WORK ORDER:
Please set down only the lines running from the one with "BESTYASH Halloween Fake Beard Kit" through the last line of the entries, exactly as written and without any pictures.
• • • • • • •
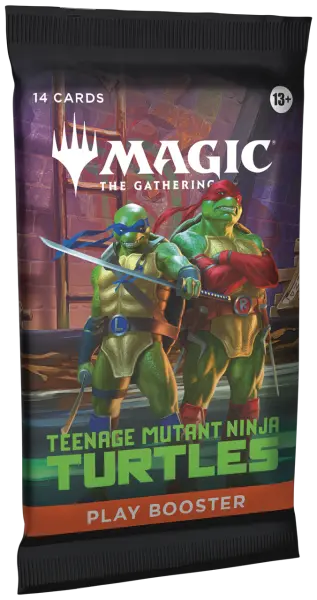 MAGIC: THE GATHERING – TEENAGE MUTANT NINJA TURTLES PLAY BOOSTER PACK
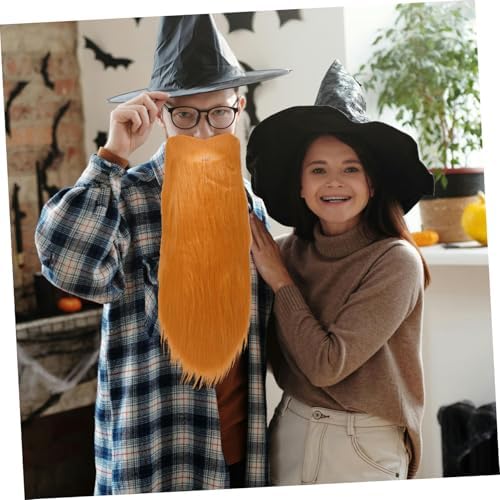 BESTYASH Halloween Fake Beard Kit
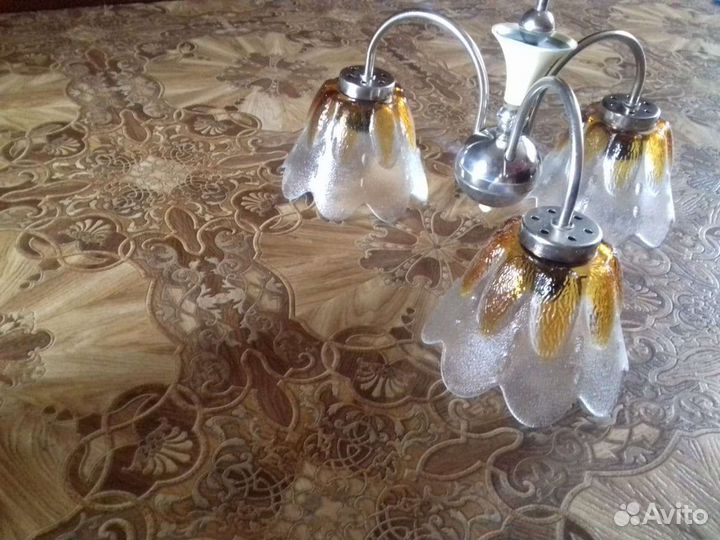 Люстра потолочная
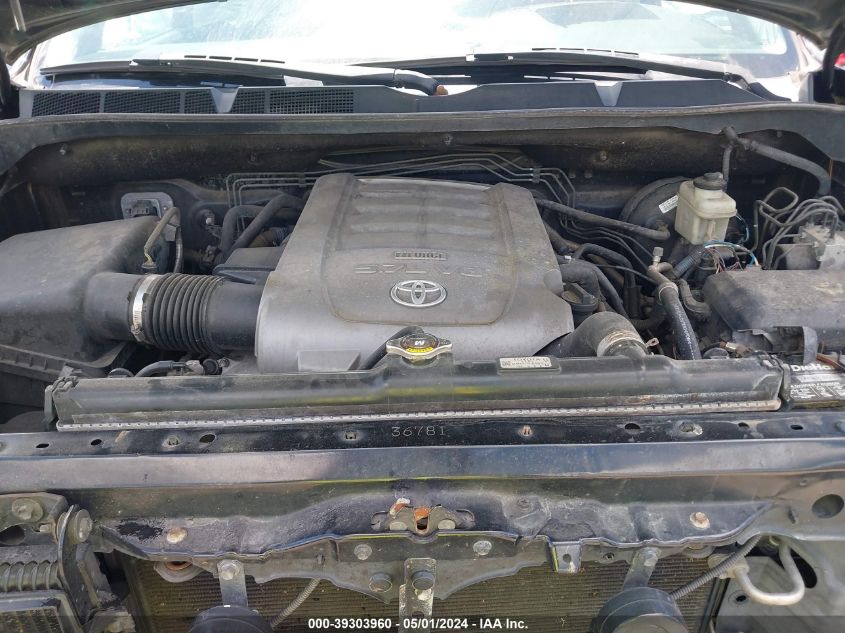 2008 Toyota Tundra Sr5 5.7L V8 VIN: 5TFRV54118X037246 Lot: 39303960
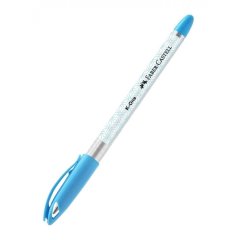 Кулькова ручка Faber-Castell K-One Ball Pen 0.7 мм, колір синій 643051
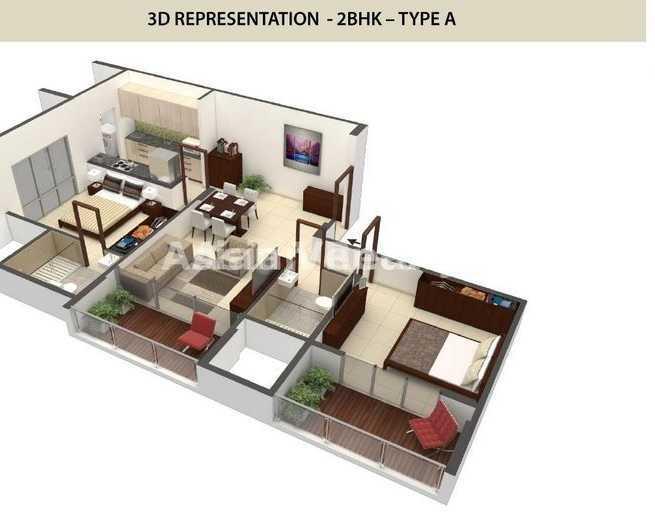 Asian Riva - Floor Plan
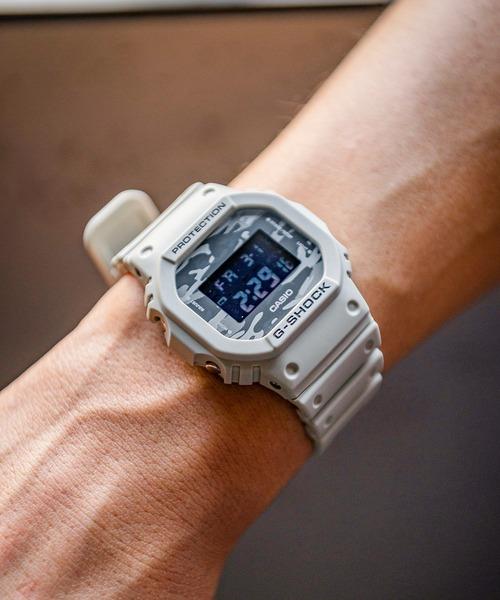 Đồng Hồ Nam Dây Nhựa Casio G-Shock DW-5600CA-8DR Chính Hãng - DW-5600CA-8 CAMO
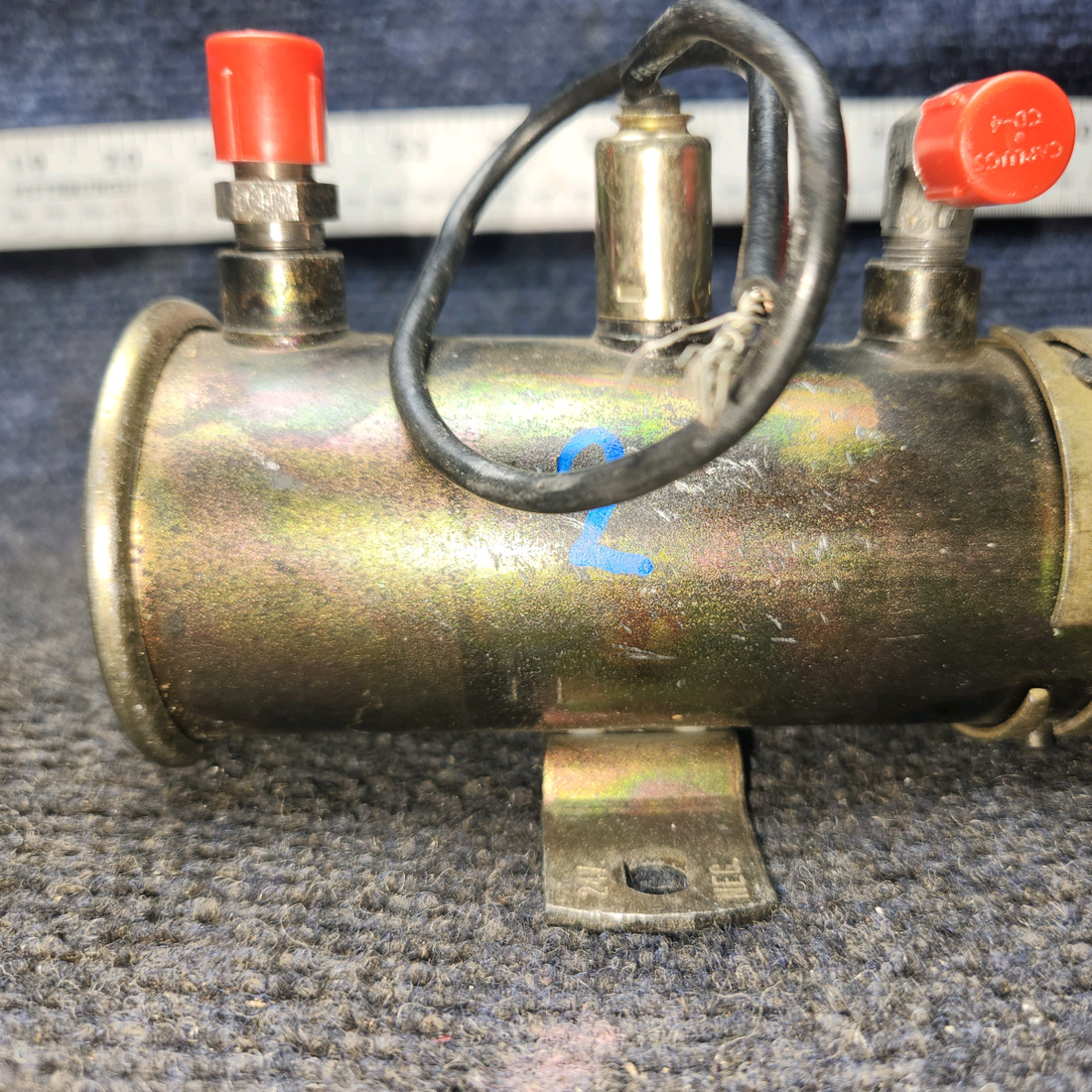Used aircraft parts for sale, 480-500 Bendix Electronic Fuel Pump 24 V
• • • • • • •
RESPONSE BELOW:
 BESTYASH Halloween Fake Beard Kit
 Люстра потолочная
 2008 Toyota Tundra Sr5 5.7L V8 VIN: 5TFRV54118X037246 Lot: 39303960
 Кулькова ручка Faber-Castell K-One Ball Pen 0.7 мм, колір синій 643051
 Asian Riva - Floor Plan
 Đồng Hồ Nam Dây Nhựa Casio G-Shock DW-5600CA-8DR Chính Hãng - DW-5600CA-8 CAMO
Used aircraft parts for sale, 480-500 Bendix Electronic Fuel Pump 24 V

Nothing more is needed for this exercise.